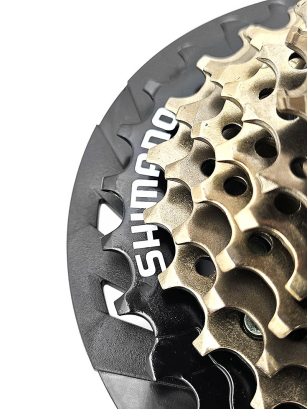 SHIMANO MF-TZ500-7-CP WOLNOBIEG 7rz 14-28T Z OSŁONĄ SZPRYCH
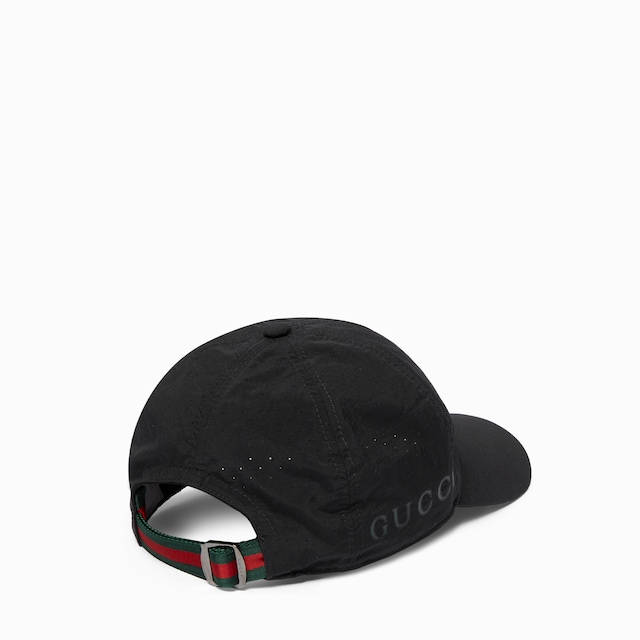 Cotton baseball hat with print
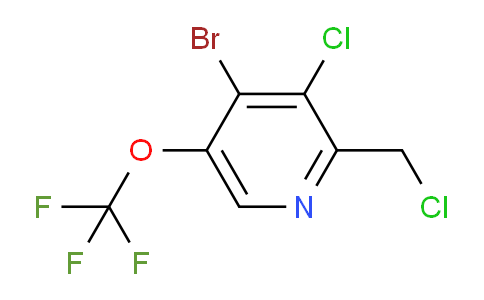 AM229239 | 1806013-58-0 | 4-Bromo-3-chloro-2-(chloromethyl)-5-(trifluoromethoxy)pyridine
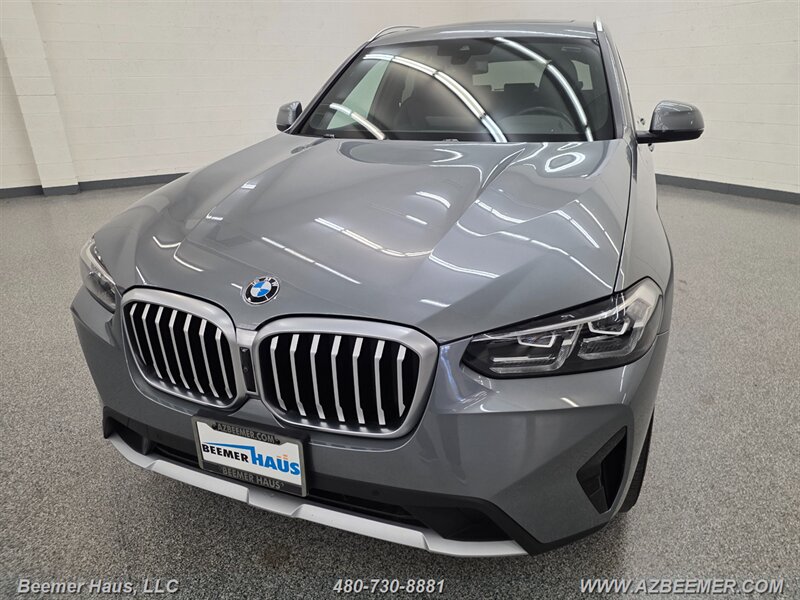 Certified 2023 BMW X3 sDrive30i SUV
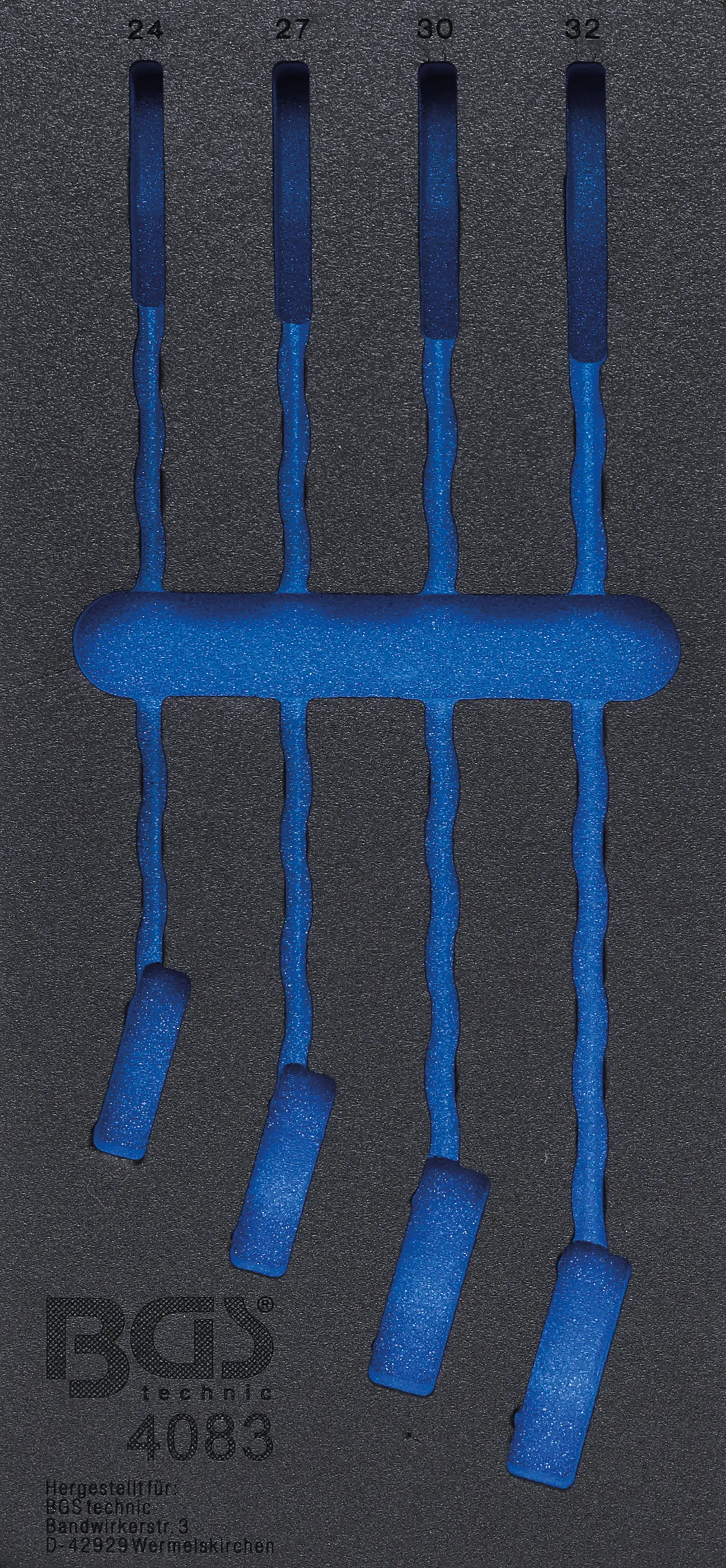 Insert de servante d'atelier 1/3, vide | pour art. 4083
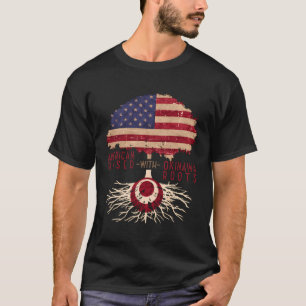 Camiseta Cidadania Usa Okinawa, Japão, Herança do Orgulho N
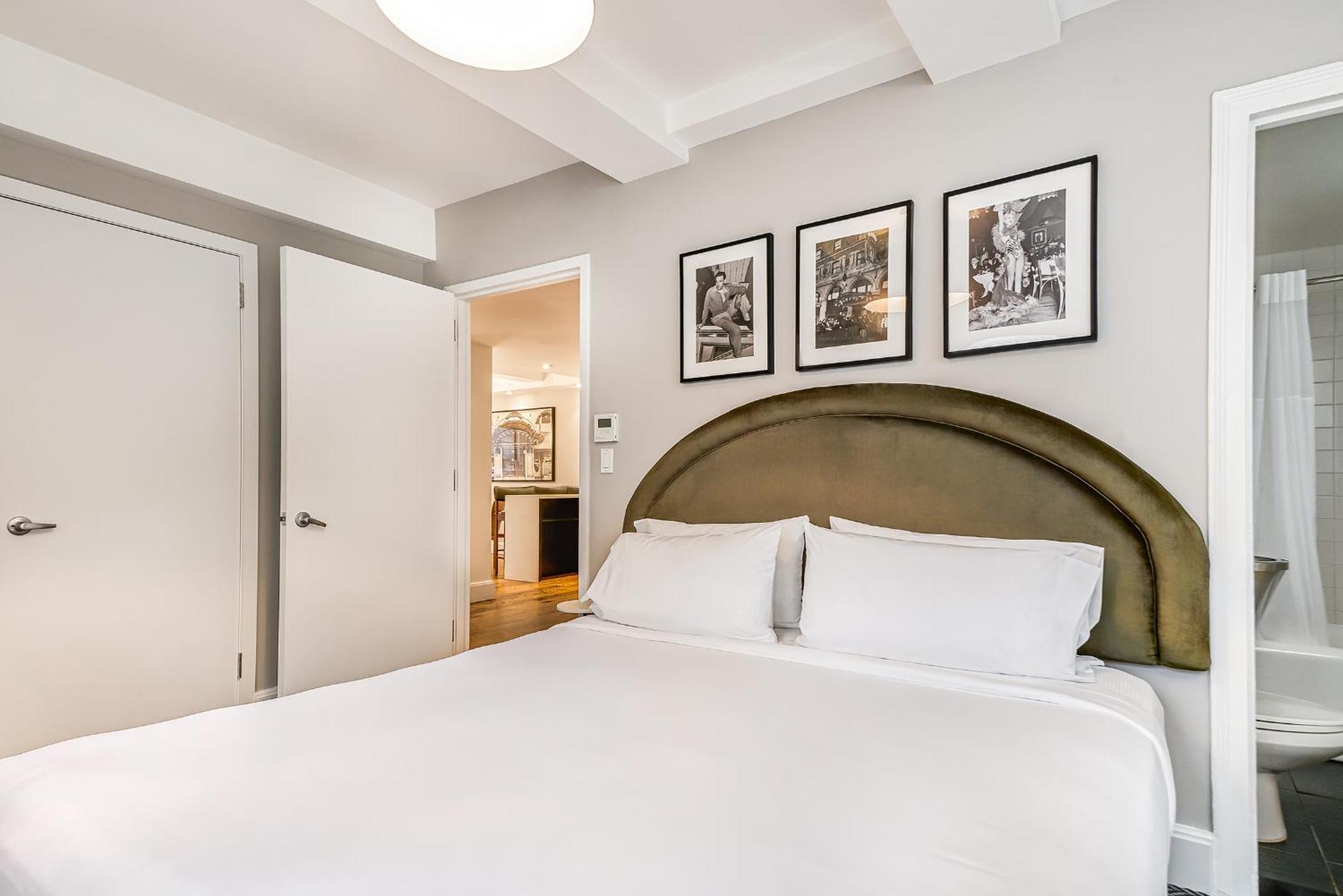Paramount Hotel Times Square New York Bagian luar foto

_ _ _ _ _

Your copy should hold exactly the lines from the line bearing "Certified 2023 BMW X3 sDrive30i SUV" through the end of the data, both included, and no pictures or anything further.

 Certified 2023 BMW X3 sDrive30i SUV
 Insert de servante d'atelier 1/3, vide | pour art. 4083
 Camiseta Cidadania Usa Okinawa, Japão, Herança do Orgulho N
Paramount Hotel Times Square New York Bagian luar foto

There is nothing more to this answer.